- It's not mandatory but it's a widely accepted guideline. Break it only if you have a good reason to do so.
- No, they don't. Class should be
internal
(default) and static
(because it has not instance methods). Main()
method should be private to make clear that it won't be called outside this class but it's not mandatory (someone prefers public
because it's logically called from outside).
For the other points things are more complex that a paragraph...

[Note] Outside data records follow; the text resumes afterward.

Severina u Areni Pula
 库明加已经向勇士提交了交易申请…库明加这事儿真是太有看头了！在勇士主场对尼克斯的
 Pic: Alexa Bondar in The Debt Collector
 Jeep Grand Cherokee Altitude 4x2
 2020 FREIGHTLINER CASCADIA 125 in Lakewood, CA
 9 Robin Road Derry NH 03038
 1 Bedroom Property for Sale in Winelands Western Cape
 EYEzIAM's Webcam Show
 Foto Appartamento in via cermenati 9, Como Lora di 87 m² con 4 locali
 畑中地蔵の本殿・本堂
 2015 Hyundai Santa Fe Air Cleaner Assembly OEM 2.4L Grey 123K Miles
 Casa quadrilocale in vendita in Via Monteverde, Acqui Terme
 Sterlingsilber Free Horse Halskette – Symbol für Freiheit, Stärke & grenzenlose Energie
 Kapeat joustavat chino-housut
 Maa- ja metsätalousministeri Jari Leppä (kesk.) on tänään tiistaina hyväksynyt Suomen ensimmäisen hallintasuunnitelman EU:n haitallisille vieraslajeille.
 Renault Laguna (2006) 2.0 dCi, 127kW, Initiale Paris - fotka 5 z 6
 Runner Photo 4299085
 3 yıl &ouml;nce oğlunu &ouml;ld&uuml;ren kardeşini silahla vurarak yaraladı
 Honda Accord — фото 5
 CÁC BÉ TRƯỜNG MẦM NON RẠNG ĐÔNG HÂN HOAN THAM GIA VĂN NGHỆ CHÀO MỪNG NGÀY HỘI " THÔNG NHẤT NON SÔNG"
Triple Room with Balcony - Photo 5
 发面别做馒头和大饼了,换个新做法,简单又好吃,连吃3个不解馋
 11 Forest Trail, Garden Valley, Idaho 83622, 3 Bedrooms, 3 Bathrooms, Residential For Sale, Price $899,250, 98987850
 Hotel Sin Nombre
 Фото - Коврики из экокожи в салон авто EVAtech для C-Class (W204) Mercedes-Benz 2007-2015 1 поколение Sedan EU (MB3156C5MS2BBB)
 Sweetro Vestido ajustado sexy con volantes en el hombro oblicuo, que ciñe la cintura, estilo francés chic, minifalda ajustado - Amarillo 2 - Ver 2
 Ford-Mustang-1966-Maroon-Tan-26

You can create a generator to read from standard input (see very last paragraph for a discussion about this):
private static IEnumerable<string> ReadAllInputs()
{
while (true)
{
string line = Console.ReadLine();
if (line == null)
break;
yield return line;
}
}
You do not need ToLower()
on input, I do not even start to mention all the problems of case insensitive comparison if not done properly: a lower case string may be different from an upper case string (even in number of characters) but they may be compared equal. Don't put yourself in trouble and let the framework do the work for you:
var counts = new SortedDictionary<string, int>(StringComparer.CurrentCultureIgnoreCase);
Note that you do not need a SortedDictionary
here, ordering may be done (in this case) when printing output. If performance matters then you should profile by yourself.
When you increment word count you also increment local variable count
, not a big performance hit (and compiler may be smart enough to elide local variable) but it's about code clarity. You can do:
counts[word] = count + 1;
Or simply:
++counts[word];
Note that this innocent code ++counts[word]
(as well as original counts[word] = ++count
) when word
doesn't exist in dictionary (TryGetValue
returns false
) will perform another lookup vanishing part of the benefit of TryGetValue
for the first insertion! You have to explicitly call Add()
.
If you want you can refactor foreach
loop to print results with LINQ, not a big gain (IMO), let's see how:
Console.WriteLine(String.Join(Environment.NewLine,
counts.Select(x => $"{x.Key} {x.Value}")));
If we put everything together with then have something like this:
namespace Test {
static class TraditionalWordCountApp {
static void Main(string[] args) {
var counts = new Dictionary<string, int>(StringComparer.CurrentCultureIgnoreCase);
var wordRegex = new Regex(@"(?i)[\p{L}']+");
foreach (var match in ReadAllInputs().SelectMany(x => wordRegex.Match(x))) {
if (counts.TryGetValue(match.Value, out count))
counts[word] = count + 1;
else
counts.Add(match.Value, 1);
}
Console.WriteLine(String.Join(Environment.NewLine,
counts.OrderBy(x => x.Key).Select(x => $"{x.Key} {x.Value}")));
}
static IEnumerable<string> ReadAllInputs() {
while (true) { // Yes, in C# this is "safe"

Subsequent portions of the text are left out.